The e-commerce boom is a good thing, right? Well, I suppose it depends on your responsibilities. UPS is having a difficult time handling the incredible influx of e-commerce orders that it is expected to. The company has added an additional delivery day or two to many online purchases made through their network of retailers. The problem is the fact that more and more consumers are flocking to the Web rather than brick and mortar stores. While UPS has shifted more employees to the e-commerce side of the business, the problem is still in place. The crazy part is that this is not an indication that UPS is incapable of handling the volume; instead it shows the dramatic shift in Holiday shopping (and shipping) as a whole.
The subscription-based retail model has shown that it has its ups and downs. One of the most common form, traditionally, (and that means over the last 2 years) has been a recipe delivery program. However, there has been an influx of other types of subscription delivery programs. Most recently, Warren Buffett has launched Fruit of the Loom into the business. The basic premise is that every month, or every desired month depending on the program, Fruit if the Loom will deliver a set of underwear to your house. This model is a very interesting one, considering how many “home delivery” programs exist. However, given the personal nature of this product, it is one that could certainly succeed.
There has been plenty of talk here about the current and future state of electric trucks, especially considering the work Elon Musk is putting into Tesla. And, from a supply chain standpoint, this has been the direction most people have wanted to take. However, electric “vehicles” are more than just trucks. China has launched the first all-electric cargo ship.
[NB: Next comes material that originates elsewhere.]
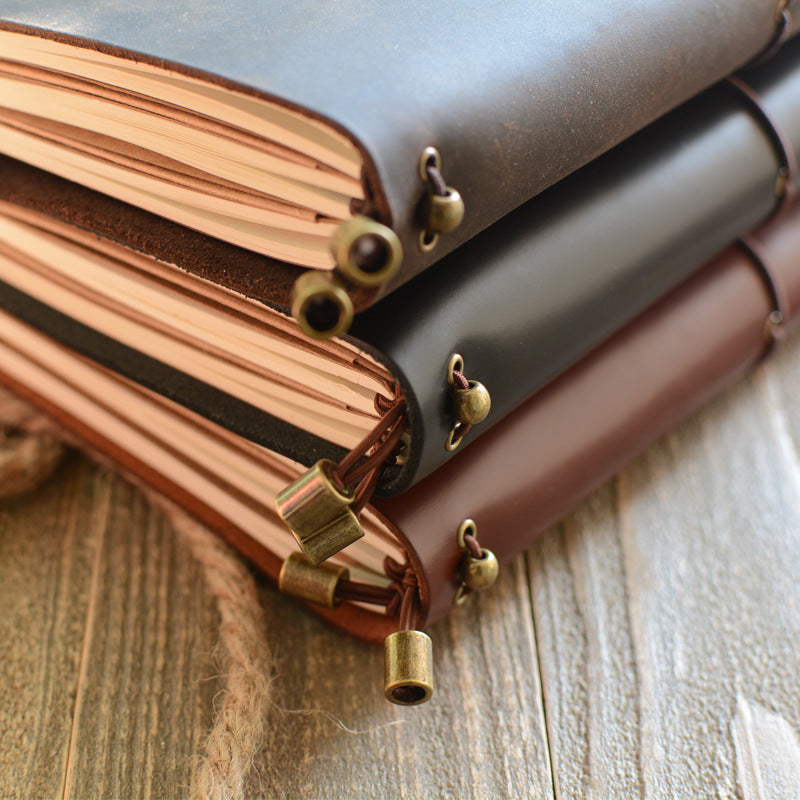 Wholesale Vintage Cowhide Strap Oil Leather Notebook Genuine Leather Cover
According to China Daily, the 230-foot long vessel is equipped with a 2,400 kWh lithium-ion battery that stores enough electrical energy to transport 2,200 tons of cargo a distance of 50 miles on a single charge at a top speed of about 8 miles per hour. The time to recharge the battery is given as 2 hours, which, coincidentally (?) is the approximate time that is needed to unload the ship at its destination.
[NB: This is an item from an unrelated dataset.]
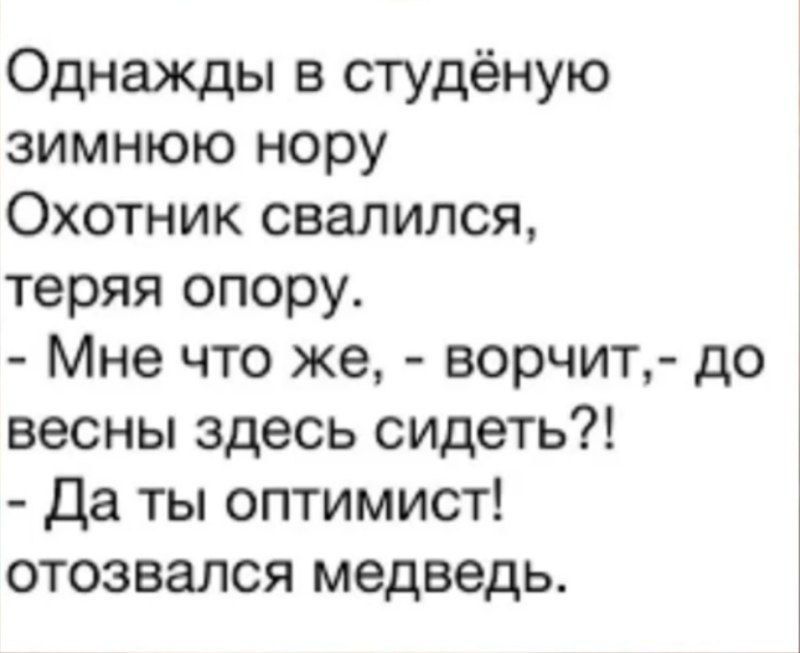 Однажды в студёную зимнюю нору Охотник свалился теряя опору Мне что же ворчит до весны здесь сидеть Да ты оптимист отозвался медведь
What goes better with pizza, than beer? I suppose there are a lot of differing opinions on this matter, but Pizza Hut is going with the aforementioned pairing. The pizza chain announced this week that it will begin testing beer and wine delivery in certain cities. The service will debut in Phoenix, AZ with six-packs of Anheuser-Busch brands, which include the popular and known brands such as Budweiser and Bud Light, as well as some of the lesser known “craft” beer brands the company has bought, including Shock Top and Kilt Lifter. All options will cost a flat $10.99.
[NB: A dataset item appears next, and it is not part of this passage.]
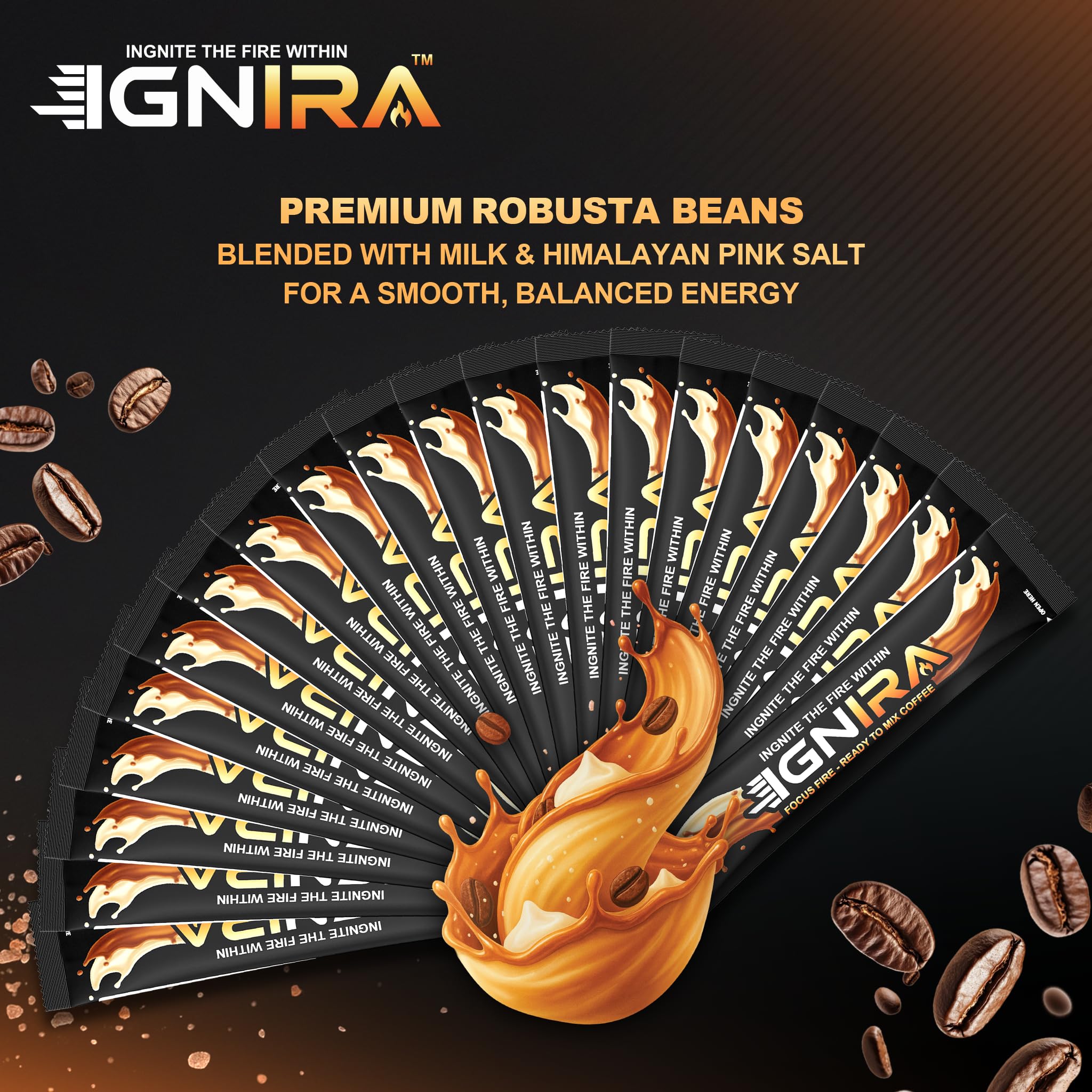 IGNIRA Himalayan Salted Cappuccino - Blend Rich Flavor, Premium Robusta Instant Salted Coffee Packets, Hot or Iced Milk Coffee, Smooth Salted Flavor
And finally, the continuing saga over a truck driver shortage continues to evolve. According to recent research, the American Trucking Associations (ATA) warned that the industry would be short about 50,000 drivers by the end of 2017. And this is a conservative number which could grow significantly over the next five years, depending on who you talk to. There are a variety of reasons why the trucker shortage should not be a lasting issue, but it continues to grow year over year. The key issues revolve around demographics, lifestyle, and the changing nature of trucking as a whole. It will be interesting to see how all of this plays out in the next few years.
That’s all for this week. Enjoy the weekend, and the song of the week, David Bowie’s Life on Mars?
Steve Banker says
Beer and Pizza deliveries! That is a logistics story that resonates with me.